Re: Protecting against unexpected zero-pages: proposal

From: Gurjeet Singh <singh(dot)gurjeet(at)gmail(dot)com>
To: Tom Lane <tgl(at)sss(dot)pgh(dot)pa(dot)us>
Cc: PGSQL Hackers <pgsql-hackers(at)postgresql(dot)org>
Subject: Re: Protecting against unexpected zero-pages: proposal
Date: 2010-11-09 16:44:04
Message-ID: AANLkTi=NFr9kP6bhfwfmB5TEmdwwidbXe9UyqR7z30mF@mail.gmail.com
Views: Raw Message | Whole Thread | Download mbox | Resend email
Thread:
Lists: pgsql-hackers

On Tue, Nov 9, 2010 at 12:32 AM, Tom Lane <tgl(at)sss(dot)pgh(dot)pa(dot)us> wrote:

> There are also crosschecks that you can apply: if it's a heap page, are
> there any index pages with pointers to it?
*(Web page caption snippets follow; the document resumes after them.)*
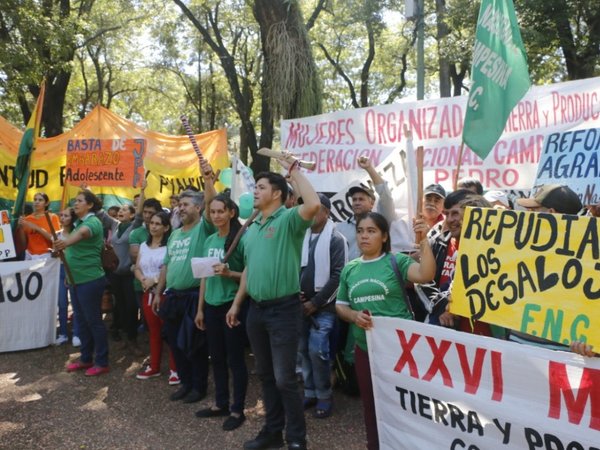 Imágenes de la Marcha Campesina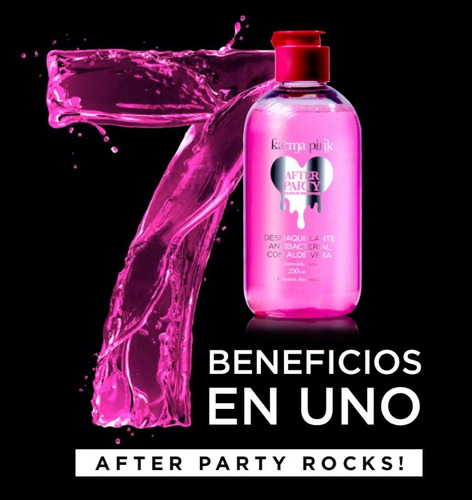 Desmaquillante Antibacterial After Party Aloe Karma Pink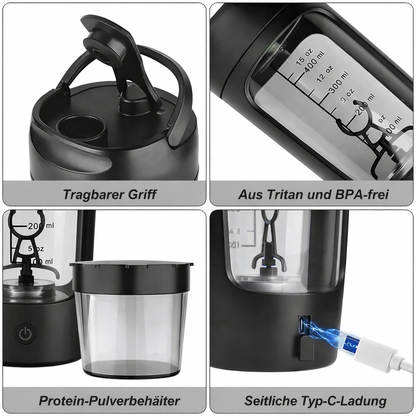 Electric Protein Mixer Bottle | Self-Stirring Shaker Cup | USB Blender Cup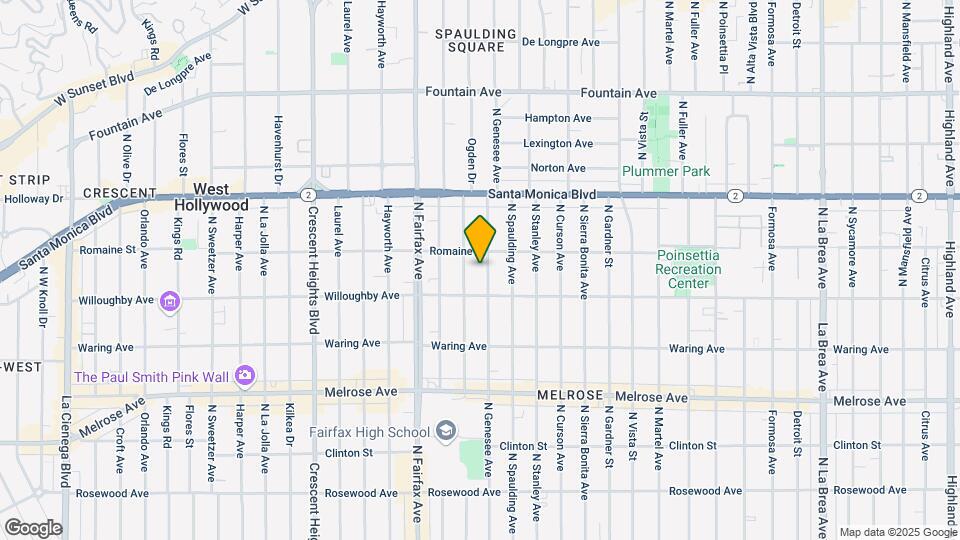 929 N Genesee Ave Map and Location Details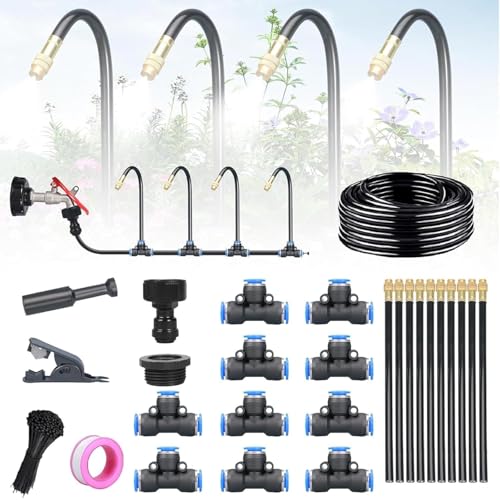 360° Gebogenes Automatisches Gartenbewässerungssystem, Wassersparendes Design, Gartenbewässerungssystem, Bewässerungssysteme For Außenpflanzen, Gartenbewässerungsset For Außenpflanzen(32.9Ft Set (32.9 von BANTASE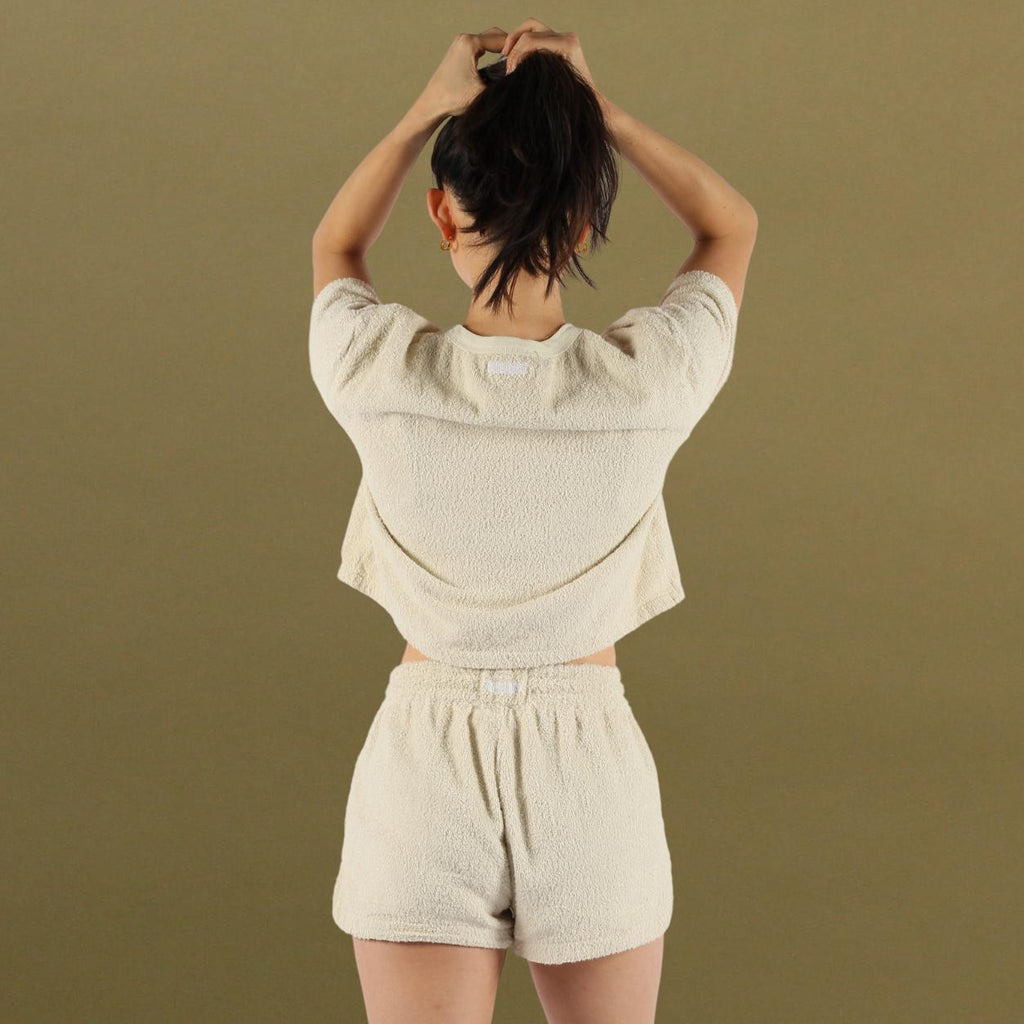 Terry Towel Antibacterial Loungewear Set (Women's)-Renio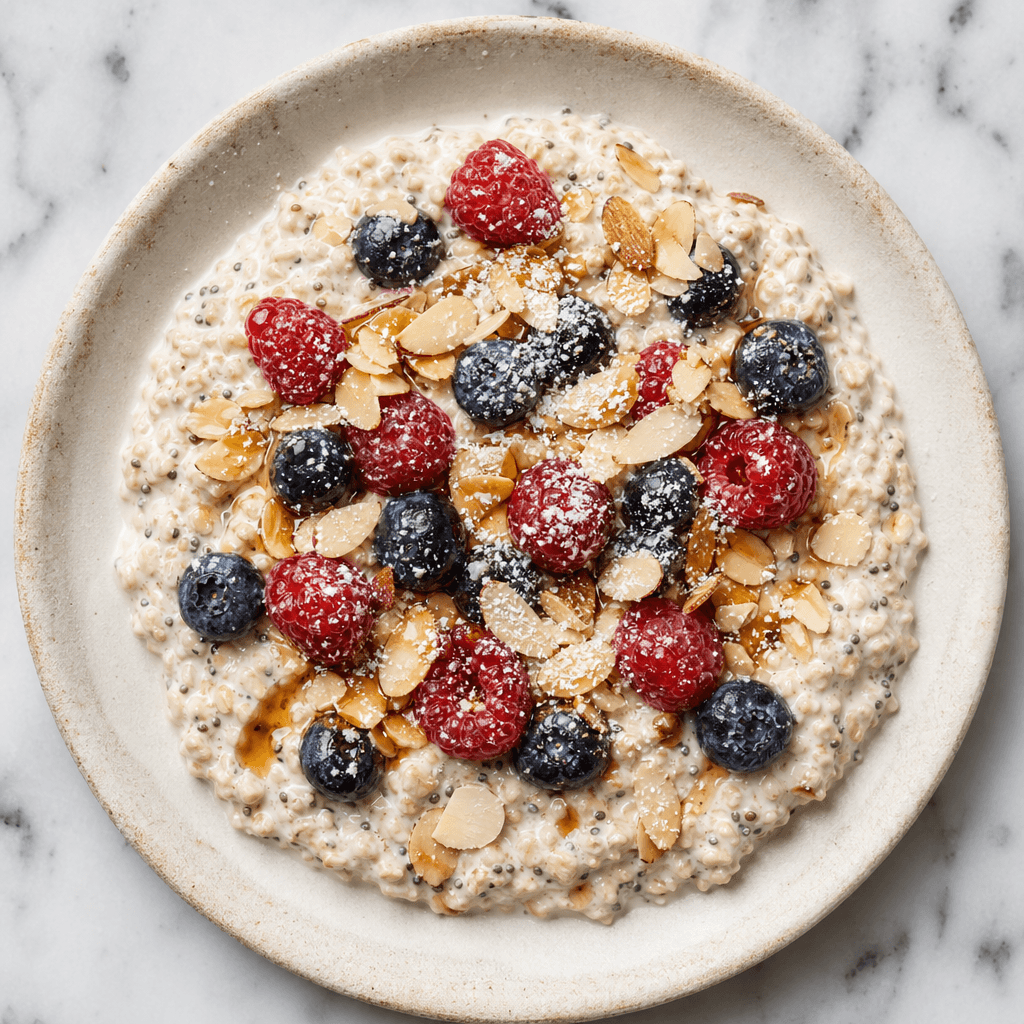 Protein Overnight Oats with Whey & Berries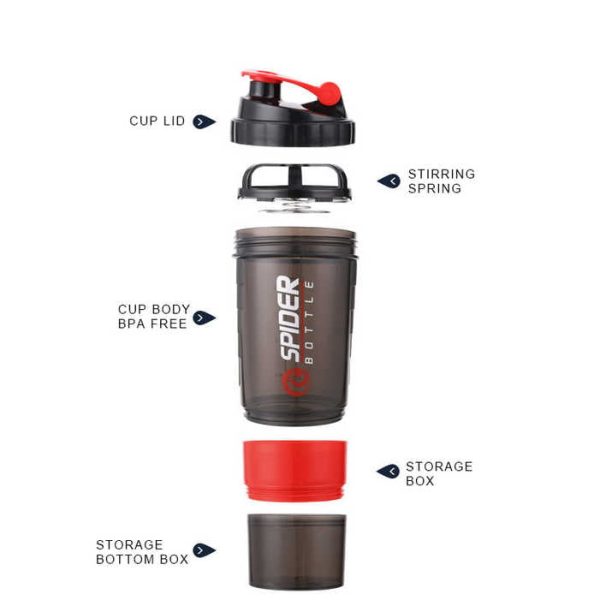 Alternative view of Protein Spider Shaker Bottle 500ml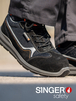 Chaussures basses cuir croûte velours S1PL FO SR - SINGER - GENES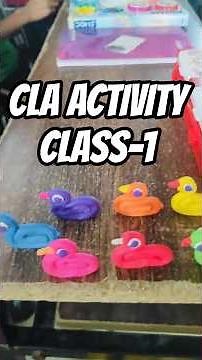 🎨 Clay Modeling | CLA Activity for Class 1 #shorts #shashiavtar #rinkujha #trending #viral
If it's an index page, are
> there downlink or sibling links to it from elsewhere in the index?
> A page that Postgres left as zeroes would not have any references to it.
>
> IMO there are a lot of methods that can separate filesystem misfeasance
> from Postgres errors, probably with greater reliability than this hack.
> I would also suggest that you don't really need to prove conclusively
> that any particular instance is one or the other --- a pattern across
> multiple instances will tell you what you want to know.
>

Doing this postmortem on a regular deployment and fixing the problem would
not be too difficult. But this platform, which Postgres is a part of, would
be mostly left unattended once deployed (pardon me for not sharing the
details, as I am not sure if I can).

An external HA component is supposed to detect any problems (by querying
Postgres or by external means) and take an evasive action. It is this
automation of problem detection that we are seeking.

As Greg pointed out, even with this hack in place, we might still get zero
pages from the FS (say, when ext3 does metadata journaling but not block
journaling). In that case we'd rely on recovery's WAL replay of relation
extension to reintroduce the magic number in pages.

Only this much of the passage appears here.